J’aimerais tout d’abord interroger l’étrange idée de l’existence autonome d’une culture. Faire consciemment ou non de la culture une substance c’est penser que la culture existe indépendamment des pensées et des actions des individus. Cela signifie que la culture française n’est pas simplement l’ensemble des traits caractéristiques que l’on peut observer dans les manières de faire et de penser des Français, mais que les manières de penser et de faire des Français sont des expressions de la culture française. La culture française pourrait donc exister sans Français. Hegel va jusqu’à dire : « Les individus disparaissent devant la substantialité de l’ensemble et celui-ci forme les individus dont il a besoin. » (La Raison dans l’histoire). Pourtant il est simple de montrer que cette conception inverse le rapport de cause à effet réel qu’il y a entre les individus et la culture. Si comme elle le prétend, la culture est la cause et les comportements individuels sont les effets, on ne comprend pas pourquoi une culture donnée s’attache à tels et tels individus plutôt qu’à d’autres. Si au contraire on affirme que les comportements individuels sont la cause d’une culture collective, on comprend pourquoi tels individus particuliers ont en commun une même culture : la culture est produite par les relations inter-individuelles.

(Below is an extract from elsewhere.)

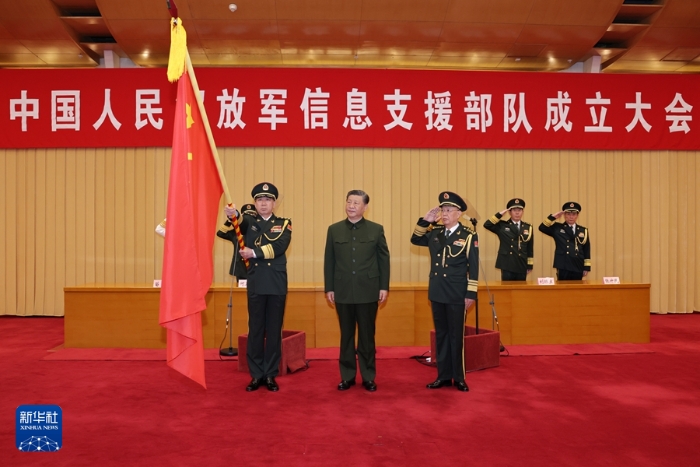 4月19日，中國人民解放軍信息支援部隊成立大會在北京八一大樓隆重舉行。中共中央總書記、國家主席、中央軍委主席習近平向信息支援部隊授予軍旗并致訓詞。這是習近平將軍旗授予信息支援部隊司令員畢毅、政治委員李偉。新華社記者 李剛 攝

Ceci renverse la perspective : la culture française n’est plus un « esprit français » indépendant, elle est le produit sans cesse renouvelé des rapports entre les individus qui se trouvent sur le territoire français ou qui revendiquent une appartenance à la culture française. Si nous reprenons le concept ontologique de substance, il faut donc l’attribuer aux individus, ce sont les individus qui existent de manière autonome, la culture dépend entièrement d’eux. Cela ne signifie pas que la culture ne soit pas relativement indépendante des individus au sens où elle se transmet entre individus et « forme » les individus dans cette transmission. En revanche cela signifie que la culture n’existerait pas sans individus, alors que des individus peuvent exister sans culture. Cette conception a au moins deux conséquences. Tout d’abord, la culture ne peut plus être pensée par rapport à une origine qui la fonderait parce que ce serait revenir au substantialisme culturel : l’origine est en effet conçue comme la naissance d’une chose indépendante. Ensuite, et par conséquent, le rejet du substantialisme oblige à reconnaître les caractères flou et dynamique de la culture.

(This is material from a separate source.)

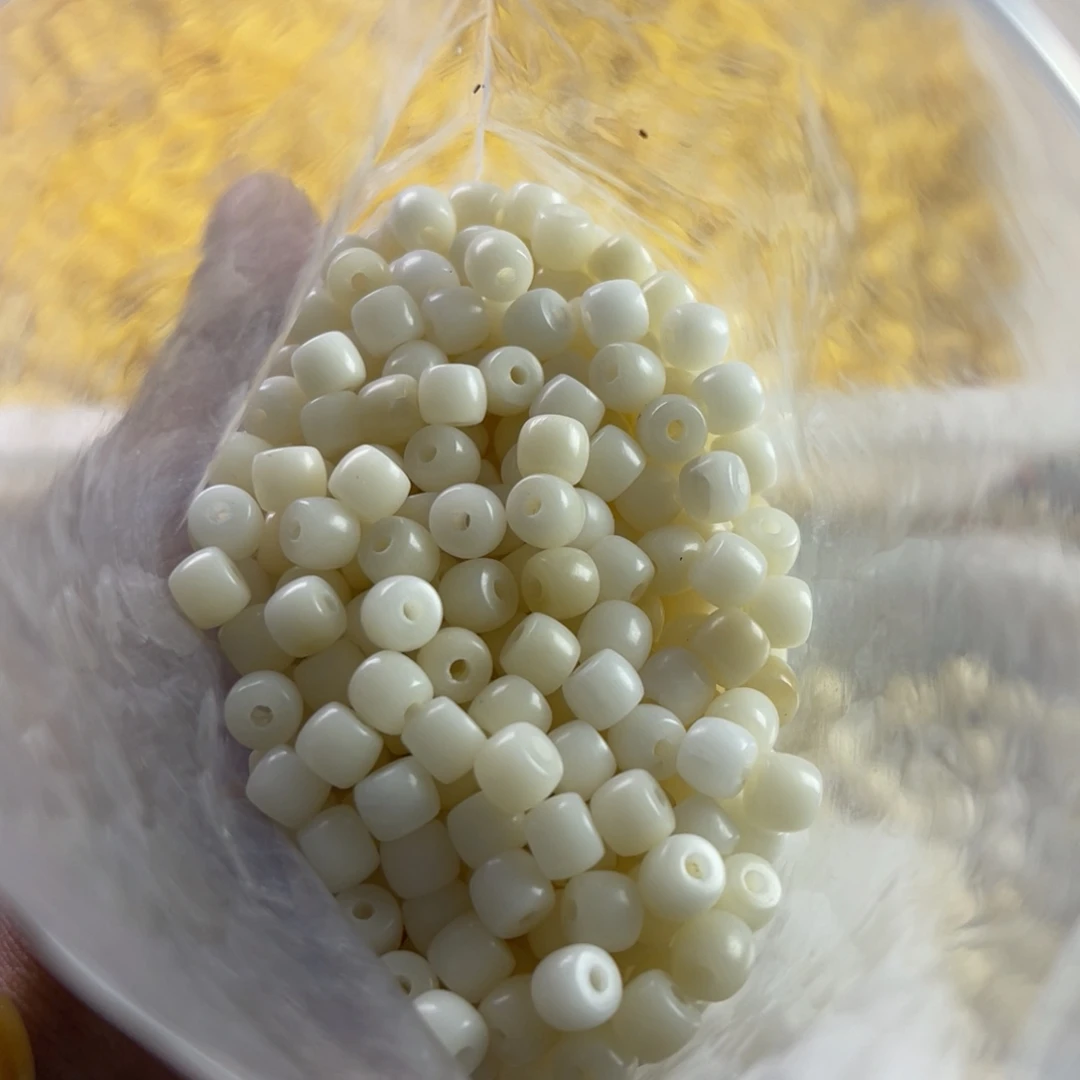 白玉菩提吊坠瑕疵6-5白玉直切1盘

Une culture est floue au sens logique parce que, n’étant pas une chose aux contours définis, ni un ensemble fini, elle n’a pas de définition simple. Si l’on essayait par exemple de définir la culture lyonnaise, on ne saurait pas où arrêter la liste des productions caractéristiques de cette culture, on énumérerait : (a) la salade lyonnaise, (b) la quenelle de brochet, (c) le tablier de sapeur, (d) la boule lyonnaise, (e) la cervelle de Canut, (f) le 8 Décembre, (g) l’accent caractéristique des Lyonnais, etc. mais on tomberait vite sur des cas frontières : peut-on encore admettre que la soierie est caractéristique de Lyon ? Peut-on dire que le Saint Marcelin qui vient de l’Isère et que le Saint Félicien qui vient du Dauphiné sont lyonnais ? Faut-il admettre dans la culture lyonnaise des festivals tels que « Quais du polar », les « Nuits sonores » ou le « Y Salsa festival » ? La question qui m’intéresse est la suivante : les éléments qui définissent la culture peuvent-ils être comptés ? Il semble au contraire que la liste soit ouverte. La liste est ouverte parce que le concept de culture lyonnaise est flou : cela signifie qu’il n’y a pas de propriété nécessaire et suffisante commune à tous les emplois du concept. Pour Luc, la culture Lyonnaise signifiera : {(a), (c), (e), (f)}, pour Raphaël ce sera : {(b), (d), (e), (g)} et pour Édouard : {(a), (b), (f), (g)}. Luc et Raphaël se comprendront grâce à (e), Luc et Édouard grâce à (a) et (f), et Édouard et Raphaël grâce à (b) et (g). Tous se comprendront donc en parlant de la culture lyonnaise, mais pas de la même façon. Cependant, le caractère flou du concept d’une culture particulière ne la dissout pas dans une multitude de conceptions individuelles différentes. Le fait que les différentes cultures se distinguent de façon floue est tout à fait compatible avec le fait que ces distinctions soient réelles. Par conséquent, les cultures particulières peuvent bien être distinguées une à une, mais on verra parfois les frontières se fondre là où on les croyait nettes et d’autre fois se dessiner là où l’on n’en voyait pas. Ces frontières dépendront des usages linguistiques et ces usages des relations entre les gens. Le flou des distinctions implique au minimum que les interlocuteurs s’entendent sur un usage commun du concept qui recouvre au moins un des caractères (a), (b), (c), (d), (e)…etc. . Cet usage commun est inséparable de la vie en commun, cela me conduit au dernier point : la conception dynamique de la culture.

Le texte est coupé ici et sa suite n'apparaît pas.